■ YOUR ASSIGNMENT
Retype all the entries word for word, but omit the pictures.

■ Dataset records
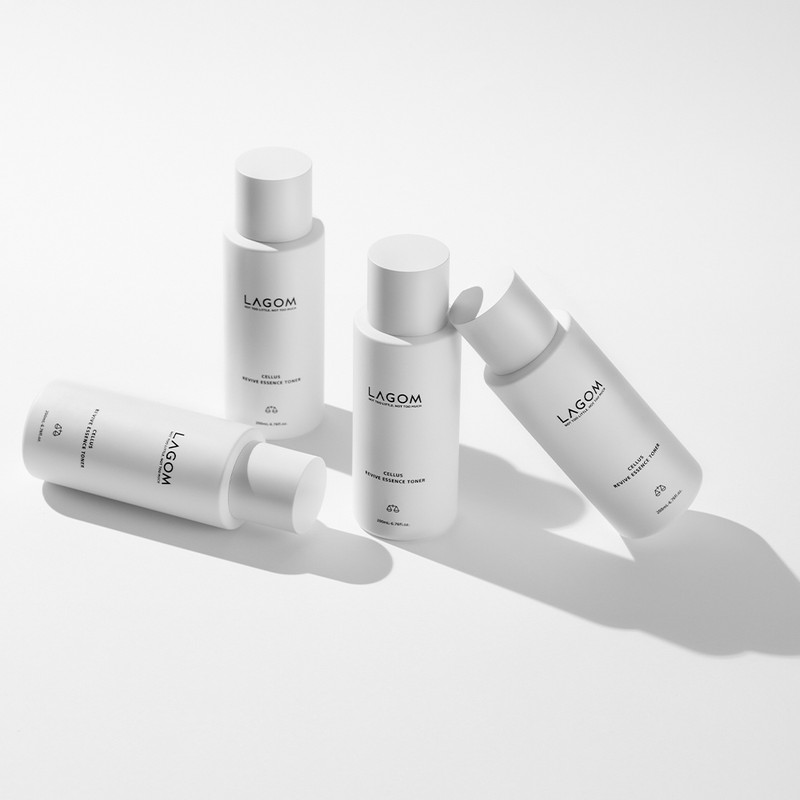 LAGOM Cellus Revive Essen Toner 200ml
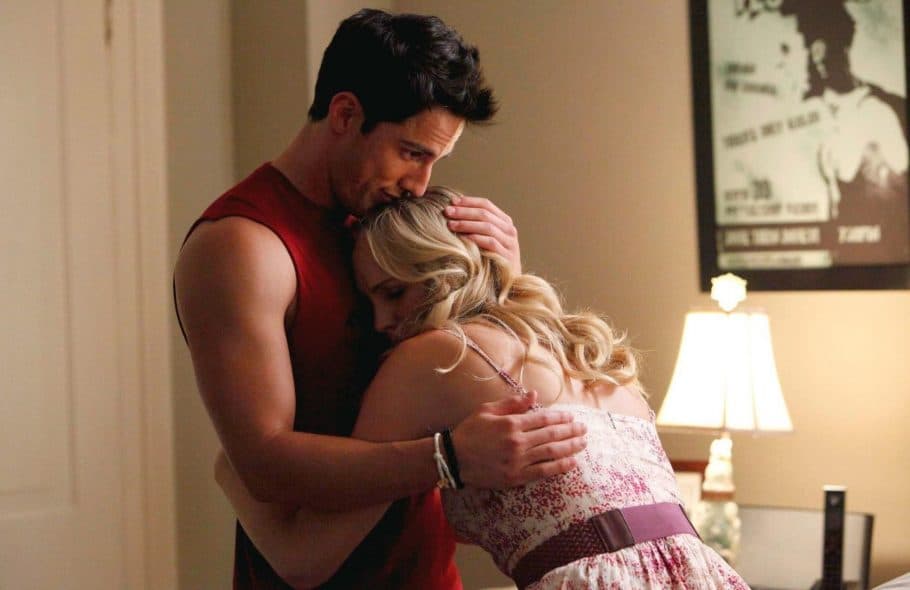 Quiz - Prove que sabe tudo sobre o relacionamento dos personagens Caroline e Tyler em The Vampire Diaries!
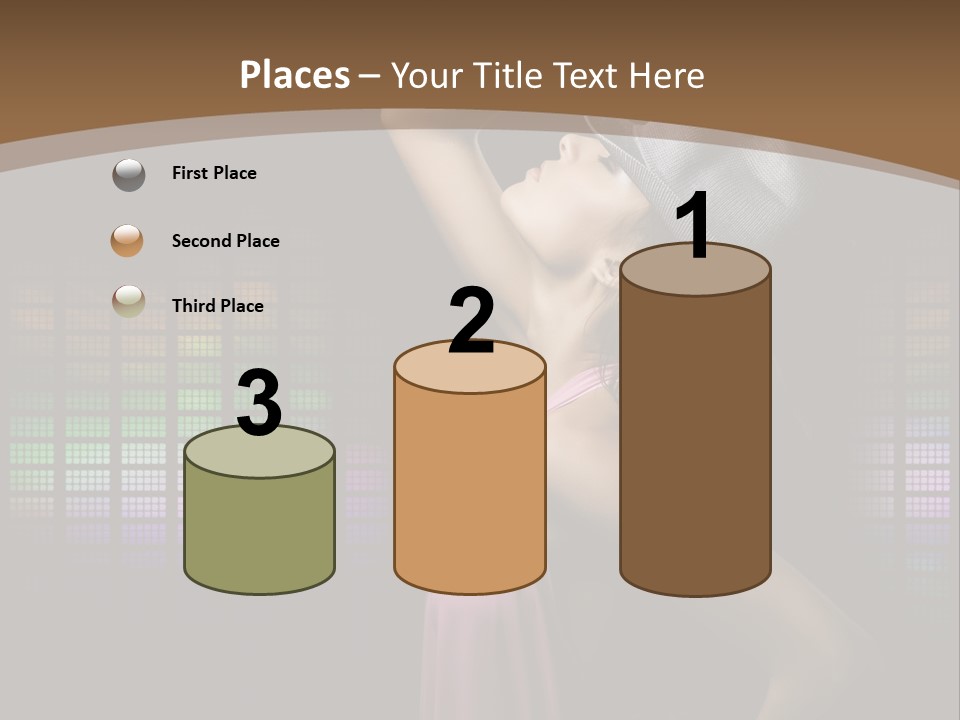 River Sport Fishing PowerPoint Template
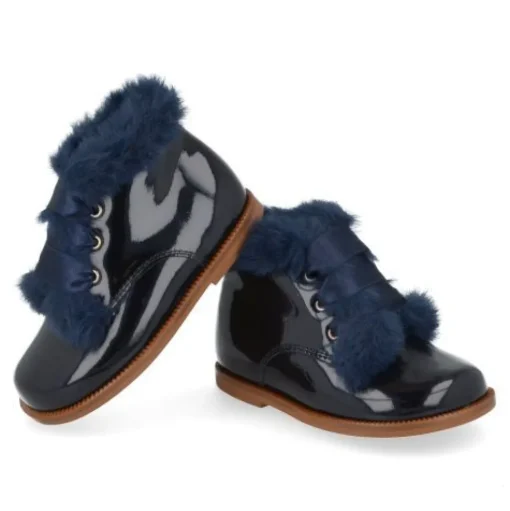 sneakers blauw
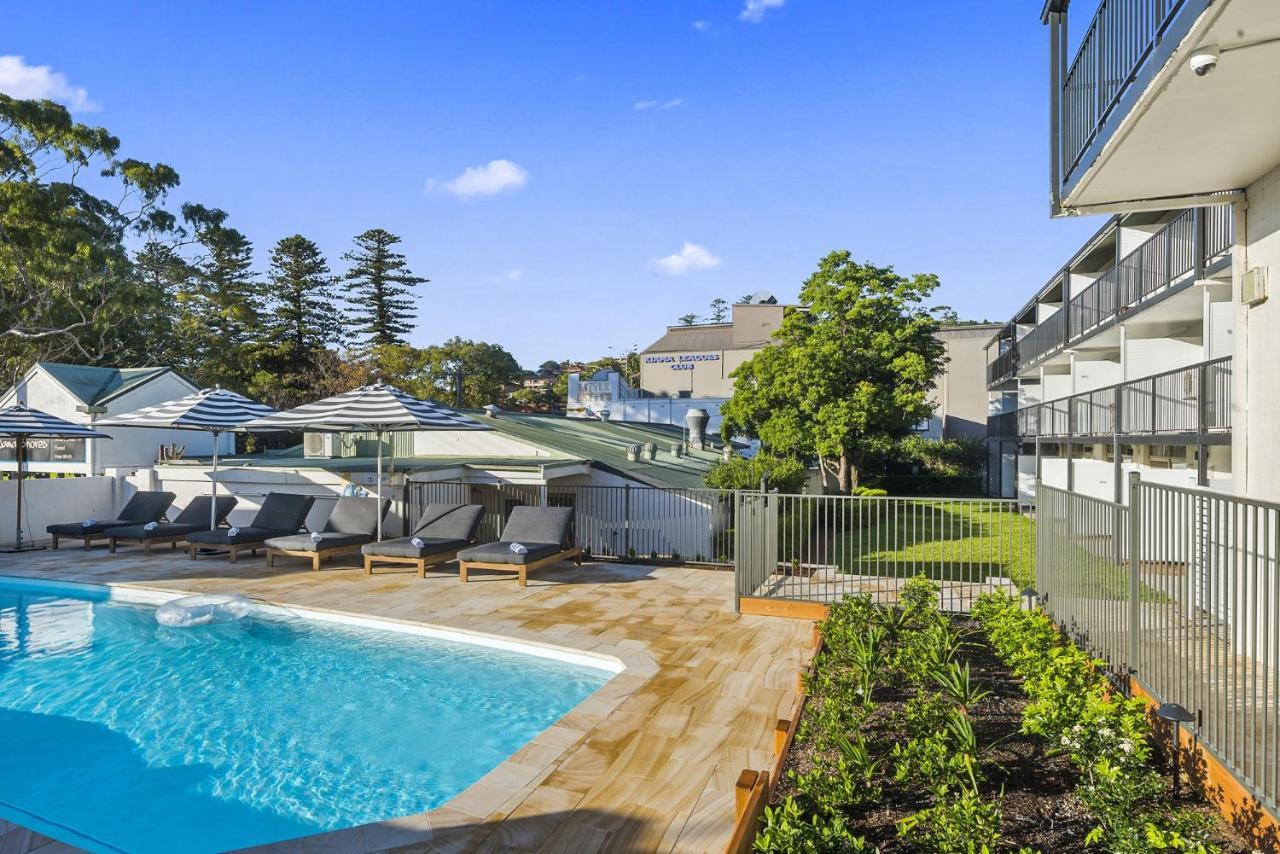 Kiama Shores Exterior foto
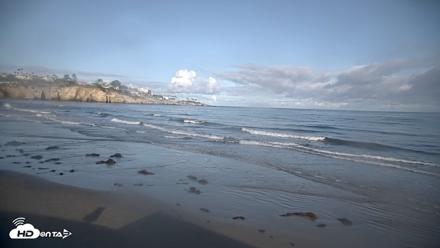 La Jolla Shores Live Surf Cam - May 29, 2026, 7:26am PDT
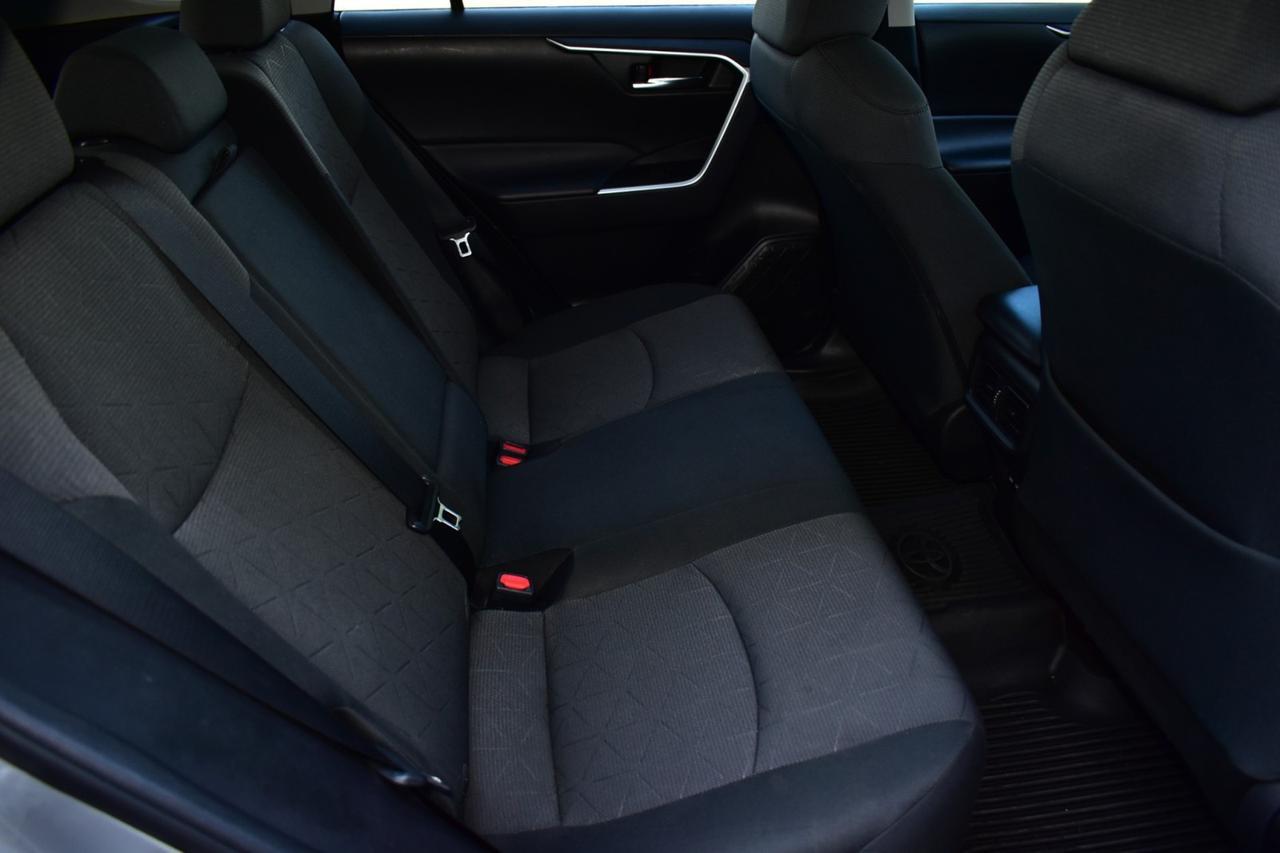 2022 Toyota RAV4 XLE Tampa FL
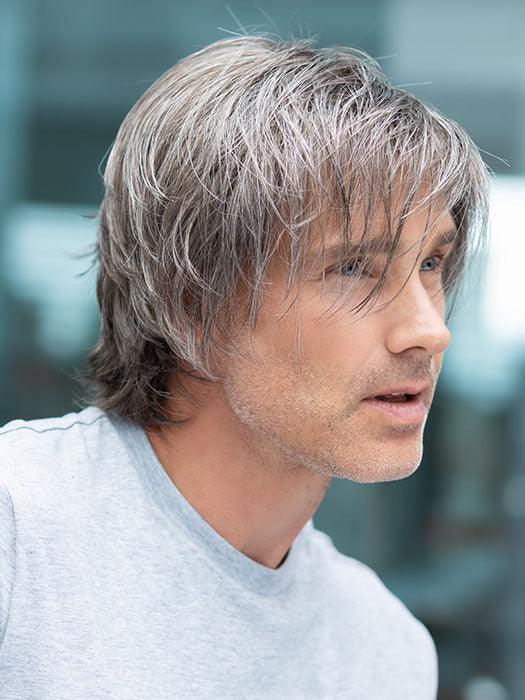 Johnny | HAIRforMANce | Men's Synthetic Wig - Buy Wigs USA
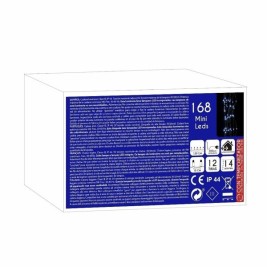 Гирлянда от LED Светлини Cálido 5 W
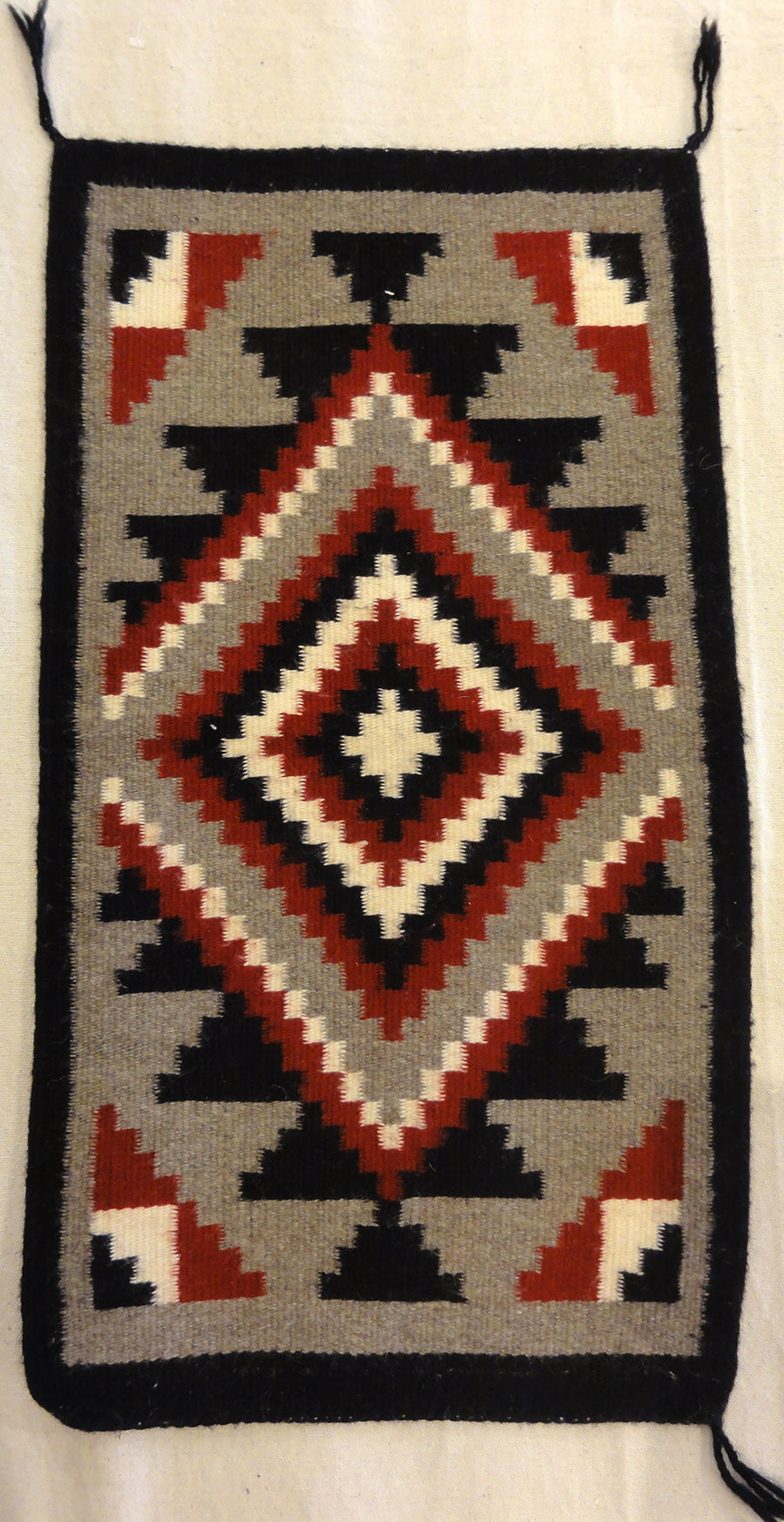 Antique Navajo Rug Santa Barbara Design Center| Rugs & More | Oriental Carpets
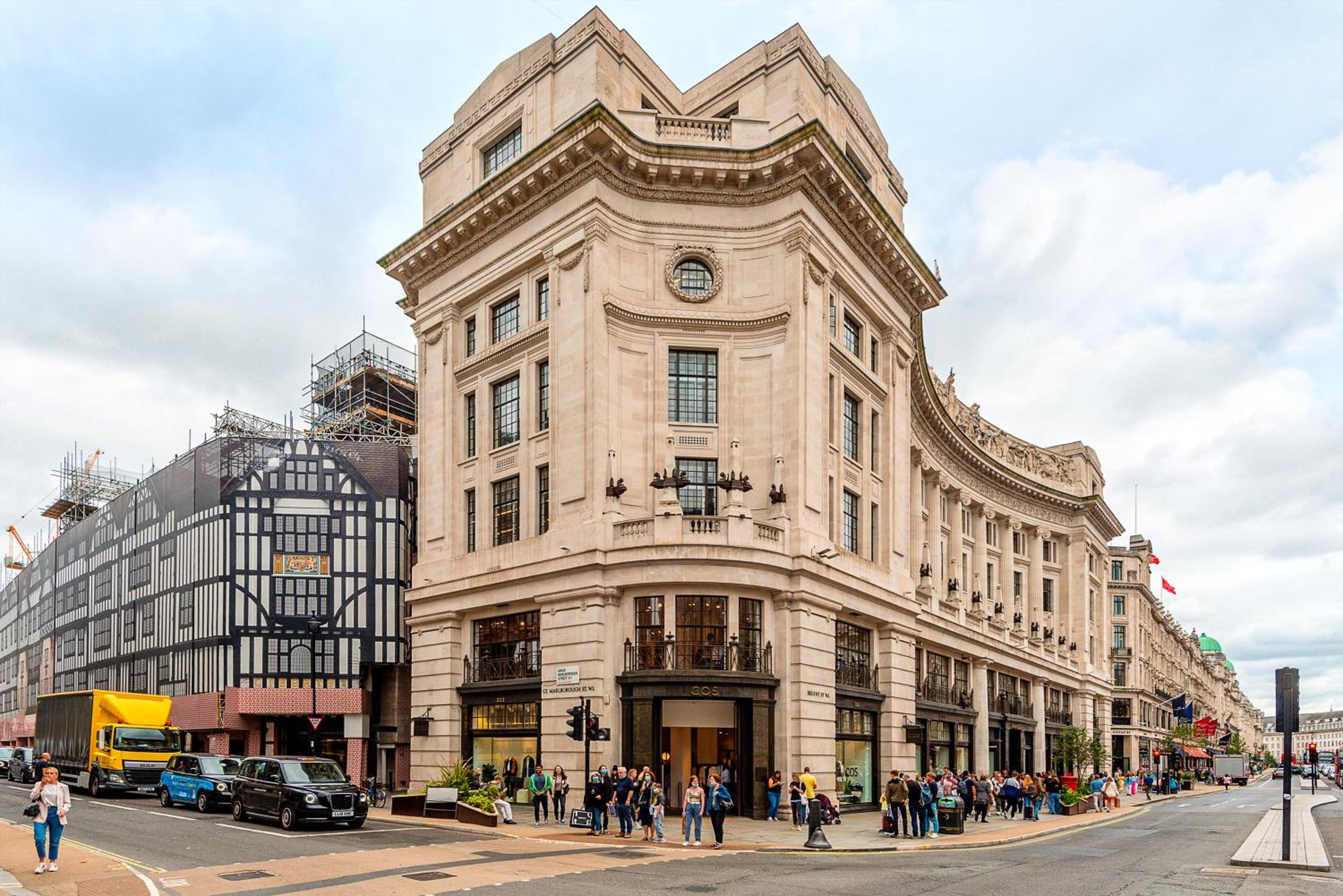 Arcore Premium Apartments: Mayfair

■ REPLY
 LAGOM Cellus Revive Essen Toner 200ml
 Quiz - Prove que sabe tudo sobre o relacionamento dos personagens Caroline e Tyler em The Vampire Diaries!
 River Sport Fishing PowerPoint Template
 sneakers blauw
 Kiama Shores Exterior foto
 La Jolla Shores Live Surf Cam - May 29, 2026, 7:26am PDT
 2022 Toyota RAV4 XLE Tampa FL
 Johnny | HAIRforMANce | Men's Synthetic Wig - Buy Wigs USA
 Гирлянда от LED Светлини Cálido 5 W
 Antique Navajo Rug Santa Barbara Design Center| Rugs & More | Oriental Carpets
 Arcore Premium Apartments: Mayfair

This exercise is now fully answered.